▶ _AIM OF THE EXERCISE_:
Here the job is to retype the data word for word while leaving the pictures aside.

▶ _INFORMATION SUPPLIED_:
::::

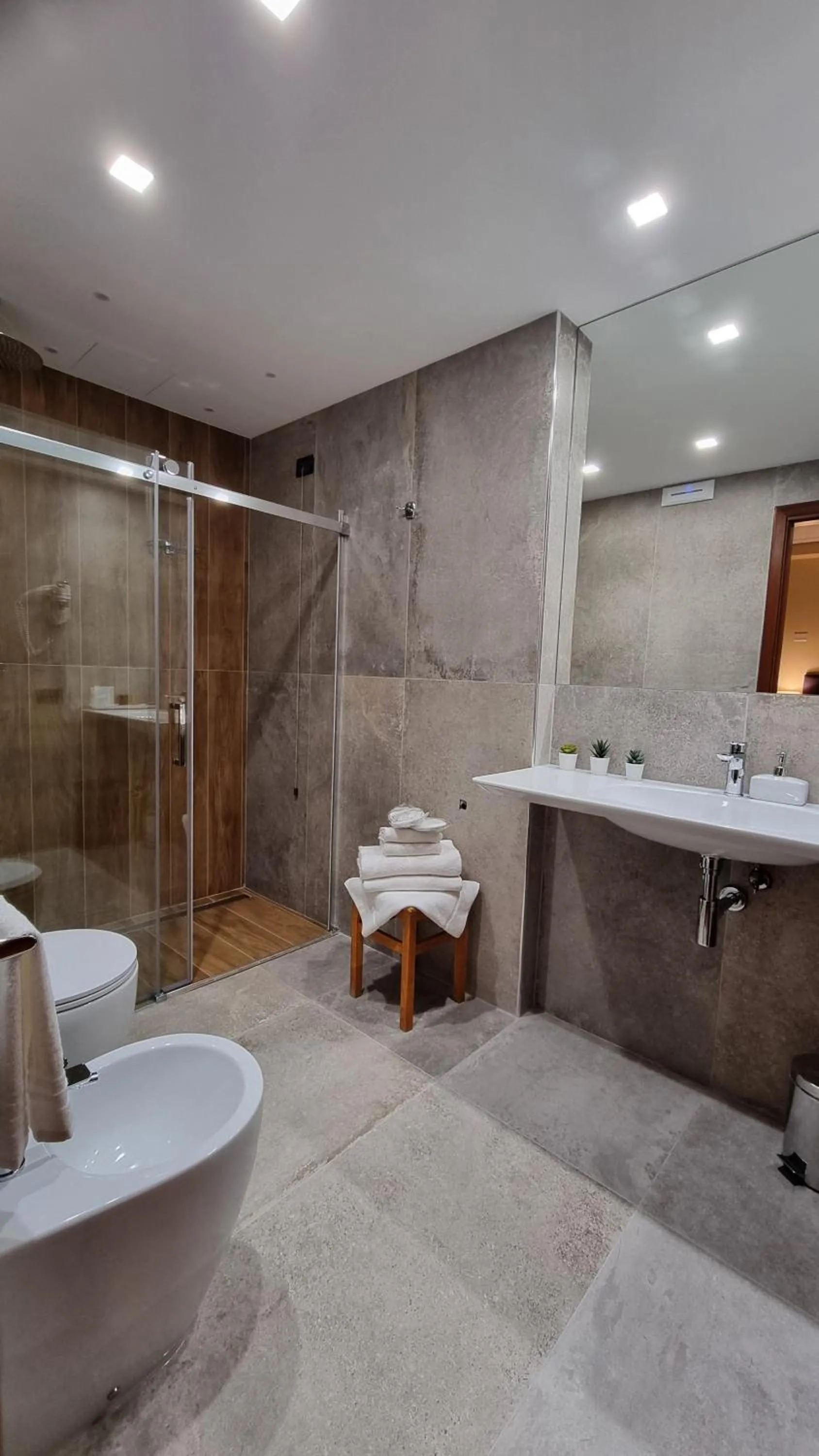 Bathroom in Corsaro Etna Hotel&SPA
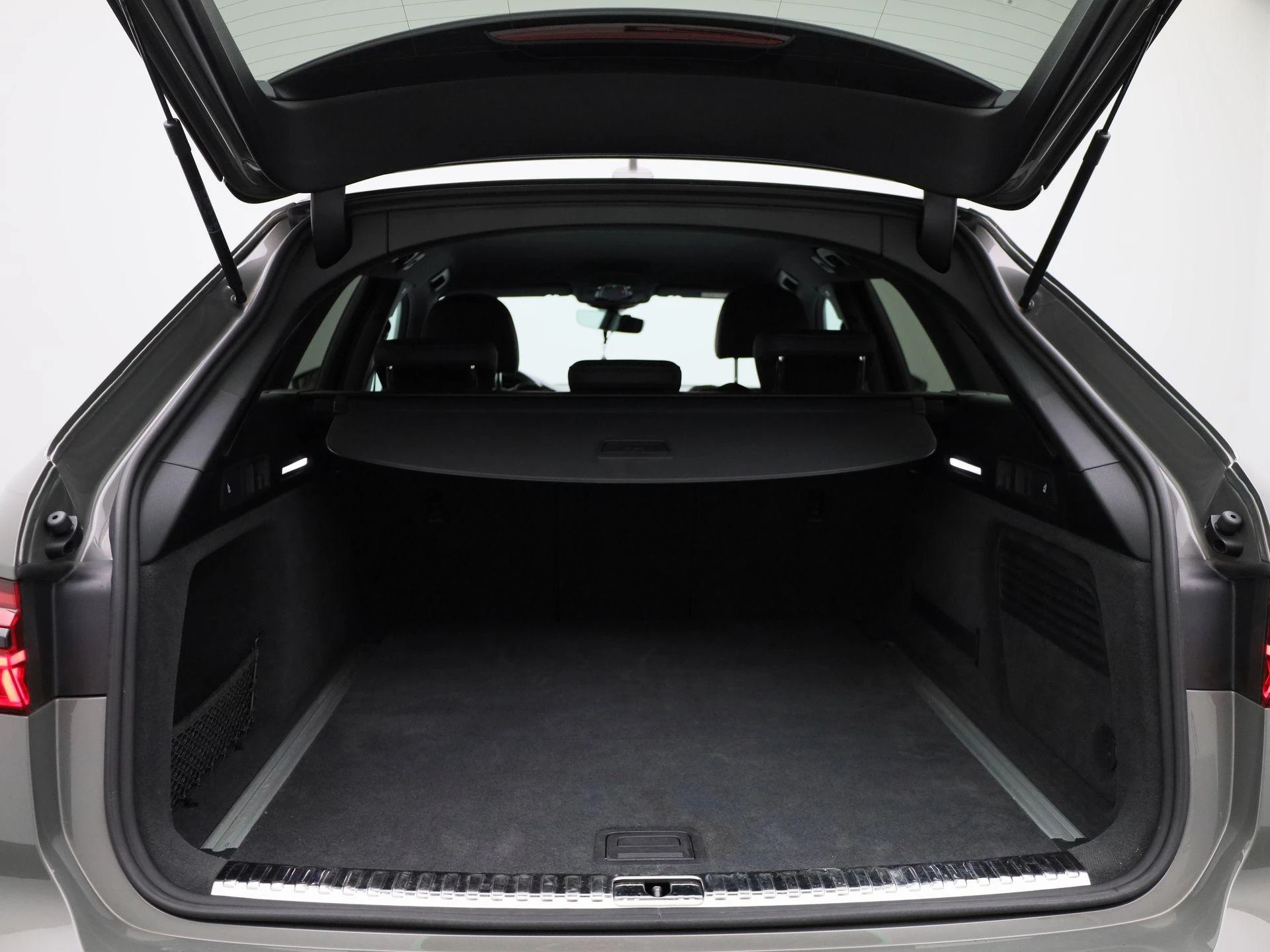Audi-A6-image-13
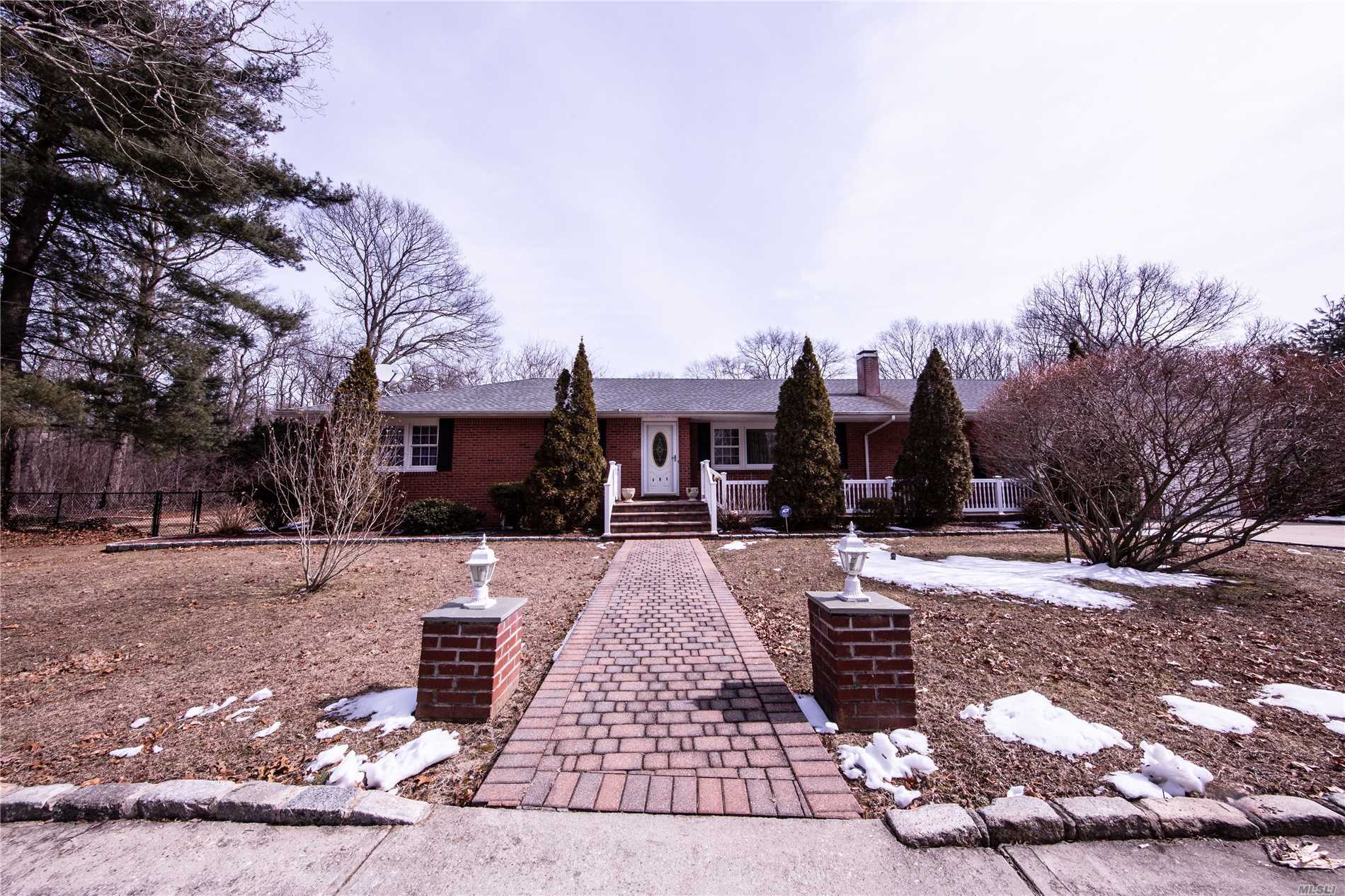 #1 photo, 181 Oak Street, Саффолк ‖ Medford , NY 11763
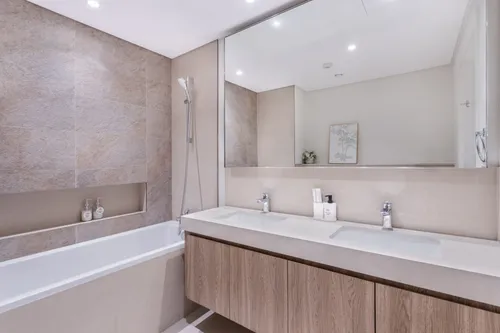 2 Bedrooms Apartment in Downtown Views II Tower 2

::::

▶ _EXPECTED ANSWER_:
 Bathroom in Corsaro Etna Hotel&SPA
Audi-A6-image-13
 #1 photo, 181 Oak Street, Саффолк ‖ Medford , NY 11763
 2 Bedrooms Apartment in Downtown Views II Tower 2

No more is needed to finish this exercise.